I agree that perhaps there is some efficiency gain.  I'm just suggesting that overall it may be so little to be negligible and not warrant the monetary investment required for installation of storage.  I can see the benefits of storage relative to convenience depending on how much time one has to 'tinker' and load firewood for heating purposes.  I think my main concern relative to the idling periods is am I creating creosote and/or operating the appliance in such a manner that might reduce the life of the unit.


----------



## KenLockett (Dec 23, 2012)

Nofossil said:


> I believe that there has to be some efficiency gain as well. Certainly there would be if you burned without storage by loading up to the gills and then letting it idle.
> 
> However, data doesn't generally lie. I haven't seen data from my own (highly instrumented) experience or from anyone else that quantifies a measurable improvement from running a gasifier efficiently without storage, to running it with storage.
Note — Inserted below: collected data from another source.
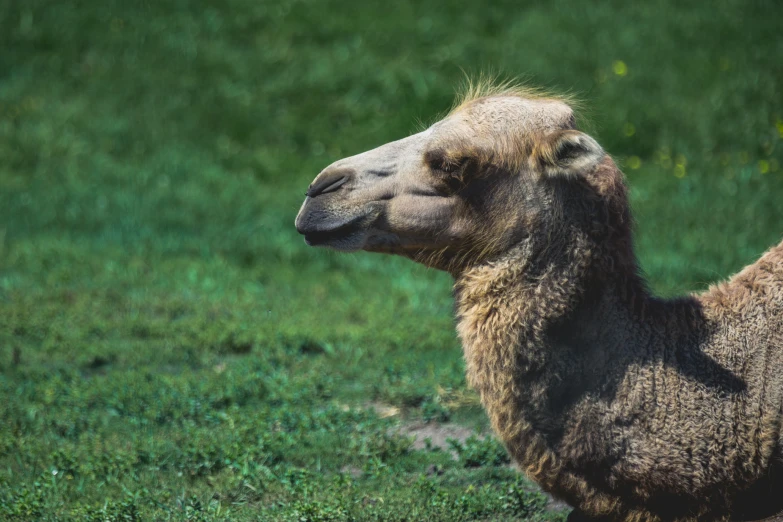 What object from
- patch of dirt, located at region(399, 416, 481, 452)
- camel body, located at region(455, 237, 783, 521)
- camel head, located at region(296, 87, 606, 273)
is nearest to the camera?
camel body, located at region(455, 237, 783, 521)

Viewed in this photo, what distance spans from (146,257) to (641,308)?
697cm

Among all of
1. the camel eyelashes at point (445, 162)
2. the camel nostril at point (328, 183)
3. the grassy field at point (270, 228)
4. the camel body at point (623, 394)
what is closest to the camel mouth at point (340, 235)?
the camel nostril at point (328, 183)

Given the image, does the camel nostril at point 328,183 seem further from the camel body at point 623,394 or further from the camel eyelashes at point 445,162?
the camel body at point 623,394

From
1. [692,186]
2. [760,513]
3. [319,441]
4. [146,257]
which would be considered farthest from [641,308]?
[692,186]

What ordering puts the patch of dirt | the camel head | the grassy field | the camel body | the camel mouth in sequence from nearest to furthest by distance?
the camel body, the camel head, the camel mouth, the grassy field, the patch of dirt

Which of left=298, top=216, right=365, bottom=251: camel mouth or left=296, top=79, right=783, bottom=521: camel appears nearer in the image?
left=296, top=79, right=783, bottom=521: camel

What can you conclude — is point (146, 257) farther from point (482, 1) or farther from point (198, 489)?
point (482, 1)

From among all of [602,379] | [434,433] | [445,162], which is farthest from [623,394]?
[434,433]

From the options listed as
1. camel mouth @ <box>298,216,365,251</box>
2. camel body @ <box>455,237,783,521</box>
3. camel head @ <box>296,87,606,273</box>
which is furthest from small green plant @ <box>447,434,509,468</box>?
camel mouth @ <box>298,216,365,251</box>

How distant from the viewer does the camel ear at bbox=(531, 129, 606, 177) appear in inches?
157

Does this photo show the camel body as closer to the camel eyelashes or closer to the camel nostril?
the camel eyelashes

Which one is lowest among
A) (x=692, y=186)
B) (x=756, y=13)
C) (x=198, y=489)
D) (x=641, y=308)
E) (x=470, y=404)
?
(x=198, y=489)

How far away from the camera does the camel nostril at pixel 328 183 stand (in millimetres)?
4277

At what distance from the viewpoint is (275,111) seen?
1323 centimetres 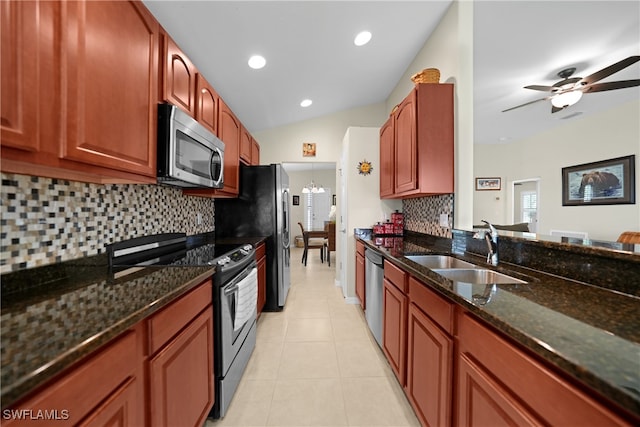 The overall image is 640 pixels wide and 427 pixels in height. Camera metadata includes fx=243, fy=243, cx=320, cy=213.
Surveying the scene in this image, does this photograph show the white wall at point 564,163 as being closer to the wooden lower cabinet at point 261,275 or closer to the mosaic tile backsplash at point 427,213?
the mosaic tile backsplash at point 427,213

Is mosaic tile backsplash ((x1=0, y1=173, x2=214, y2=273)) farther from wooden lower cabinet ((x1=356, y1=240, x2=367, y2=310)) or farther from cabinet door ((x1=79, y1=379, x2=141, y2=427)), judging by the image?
wooden lower cabinet ((x1=356, y1=240, x2=367, y2=310))

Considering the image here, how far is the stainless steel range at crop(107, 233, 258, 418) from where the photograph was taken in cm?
144

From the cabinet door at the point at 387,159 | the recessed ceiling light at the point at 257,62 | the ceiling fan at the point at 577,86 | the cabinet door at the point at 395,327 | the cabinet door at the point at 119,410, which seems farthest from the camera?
the cabinet door at the point at 387,159

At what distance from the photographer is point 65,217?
1163 millimetres

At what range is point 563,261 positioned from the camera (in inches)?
45.3

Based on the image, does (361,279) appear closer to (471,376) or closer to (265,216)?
(265,216)

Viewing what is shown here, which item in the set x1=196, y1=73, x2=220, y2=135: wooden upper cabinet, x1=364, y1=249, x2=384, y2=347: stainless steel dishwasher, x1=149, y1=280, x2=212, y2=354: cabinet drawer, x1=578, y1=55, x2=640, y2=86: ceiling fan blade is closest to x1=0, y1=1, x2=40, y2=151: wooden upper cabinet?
x1=149, y1=280, x2=212, y2=354: cabinet drawer

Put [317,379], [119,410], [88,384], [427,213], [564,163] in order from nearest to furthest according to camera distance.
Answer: [88,384] < [119,410] < [317,379] < [427,213] < [564,163]

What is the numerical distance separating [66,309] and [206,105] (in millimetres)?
1590

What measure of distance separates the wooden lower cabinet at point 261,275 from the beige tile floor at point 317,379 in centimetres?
22

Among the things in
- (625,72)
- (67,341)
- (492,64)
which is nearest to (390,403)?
(67,341)

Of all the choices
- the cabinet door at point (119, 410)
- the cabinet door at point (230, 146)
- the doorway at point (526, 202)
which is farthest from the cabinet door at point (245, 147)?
the doorway at point (526, 202)

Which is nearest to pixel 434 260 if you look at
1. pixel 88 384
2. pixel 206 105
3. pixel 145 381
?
pixel 145 381

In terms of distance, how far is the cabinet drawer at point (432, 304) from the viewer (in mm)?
1024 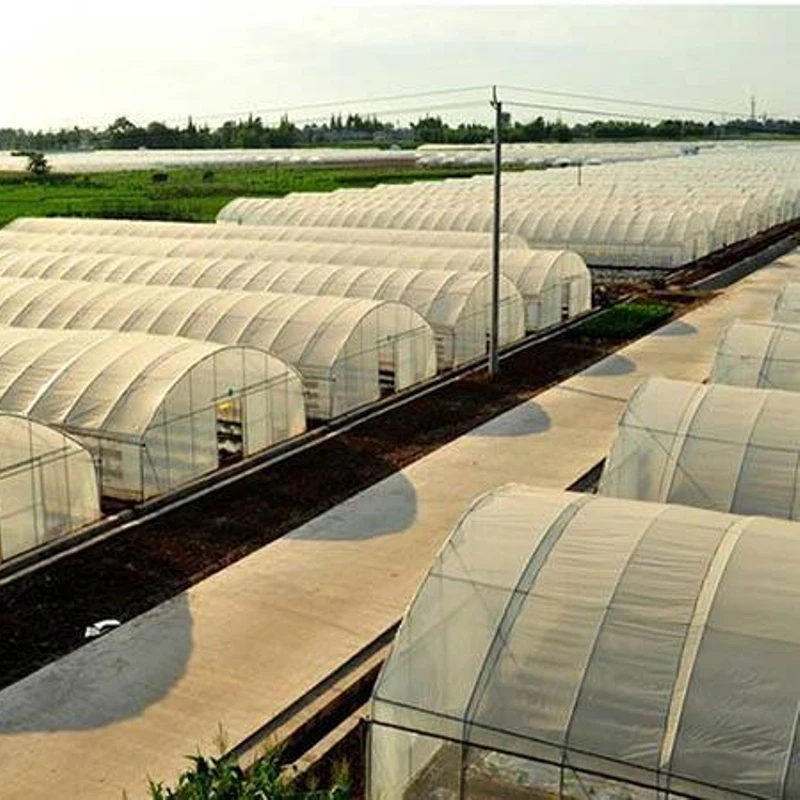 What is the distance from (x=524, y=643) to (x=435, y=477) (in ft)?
37.6

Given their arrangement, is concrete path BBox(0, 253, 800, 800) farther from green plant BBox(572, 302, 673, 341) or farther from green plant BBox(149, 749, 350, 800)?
green plant BBox(572, 302, 673, 341)

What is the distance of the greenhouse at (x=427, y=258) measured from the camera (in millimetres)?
39688

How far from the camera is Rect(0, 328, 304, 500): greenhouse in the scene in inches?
866

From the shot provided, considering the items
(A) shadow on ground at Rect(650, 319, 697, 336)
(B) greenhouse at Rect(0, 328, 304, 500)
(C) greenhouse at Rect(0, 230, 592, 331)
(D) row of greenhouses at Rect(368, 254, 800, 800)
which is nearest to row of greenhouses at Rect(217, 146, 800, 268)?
(C) greenhouse at Rect(0, 230, 592, 331)

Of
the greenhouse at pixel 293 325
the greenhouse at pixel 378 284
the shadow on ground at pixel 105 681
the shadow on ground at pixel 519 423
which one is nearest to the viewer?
the shadow on ground at pixel 105 681

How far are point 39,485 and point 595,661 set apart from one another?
1189cm

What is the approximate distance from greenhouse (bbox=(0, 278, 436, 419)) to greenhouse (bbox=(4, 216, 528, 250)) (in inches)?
626

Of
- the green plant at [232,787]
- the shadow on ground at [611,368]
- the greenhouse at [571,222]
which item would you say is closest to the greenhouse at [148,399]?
the shadow on ground at [611,368]

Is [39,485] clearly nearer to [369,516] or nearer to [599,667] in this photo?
[369,516]

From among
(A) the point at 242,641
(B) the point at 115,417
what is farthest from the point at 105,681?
(B) the point at 115,417

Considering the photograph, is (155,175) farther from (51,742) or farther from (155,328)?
(51,742)

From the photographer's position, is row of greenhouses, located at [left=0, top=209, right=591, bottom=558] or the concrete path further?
row of greenhouses, located at [left=0, top=209, right=591, bottom=558]

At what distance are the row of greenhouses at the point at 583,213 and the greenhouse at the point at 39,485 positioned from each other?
3176 cm

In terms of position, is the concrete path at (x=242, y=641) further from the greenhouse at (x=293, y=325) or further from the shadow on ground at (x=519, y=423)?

I'm still a big fan of storage - wouldn't want to give it up, but if you're already minimizing idle time I wouldn't suggest that you cut less firewood based on adding storage ;-)


 
I think in a nutshell, if cost and space was not an issue I would have storage installed but still plumbed in such a way that I could run the unit in an 'on-demand' mode for those times when I'm not busy and want to be more pro-active with the daily operation of the unit.  Kind of like operation of a traditional wood stove.


----------



## KenLockett (Dec 23, 2012)

KenLockett said:


> I think in a nutshell, if cost and space was not an issue I would have storage installed but still plumbed in such a way that I could run the unit in an 'on-demand' mode for those times when I'm not busy and want to be more pro-active with the daily operation of the unit. Kind of like operation of a traditional wood stove.


 

Was doing a little research for 1000 Gallon hot water tanks. Oh my goodnes, $10,000 - $20,000 for the tank itself! As I like to do things myself to save money, I found the link below to a guy that has built some of his own tanks. Very interesting. The link is posted below:

http://www.raycotechnologies.org/hot_water_storage_systems.htm


----------



## stee6043 (Dec 23, 2012)

KenLockett said:


> I think in a nutshell, if cost and space was not an issue I would have storage installed but still plumbed in such a way that I could run the unit in an 'on-demand' mode for those times when I'm not busy and want to be more pro-active with the daily operation of the unit. Kind of like operation of a traditional wood stove.


 
I've got my storage plumbed in this manner.  It's quite simple.  I can shut off the tanks and send water directly through my heat exchanger or primary loop and run just like a non-storage system if I need to.  In 5 years, I have yet to run it this way though.  Good to have the option I figured.


----------



## maple1 (Dec 23, 2012)

KenLockett said:


> I agree that perhaps there is some efficiency gain. I'm just suggesting that overall it may be so little to be negligible and not warrant the monetary investment required for installation of storage. I can see the benefits of storage relative to convenience depending on how much time one has to 'tinker' and load firewood for heating purposes. I think my main concern relative to the idling periods is am I creating creosote and/or operating the appliance in such a manner that might reduce the life of the unit.


 
Good points.

I decided after last winter that it would be my last 'tinkering' with my old boiler fire. I was literally almost exhausted when it was over from sleep deprivation in constantly keeping up with the heat demand - feeding every two hours during the day, last load in late at night, first load in early at morning, dealing with mountains of hot coals that wouldn't burn down. It was getting to be a huge ball & chain. Throw in a very close call on my second floor new steel roof while attempting to sweep the chimney - I was over the tinkering.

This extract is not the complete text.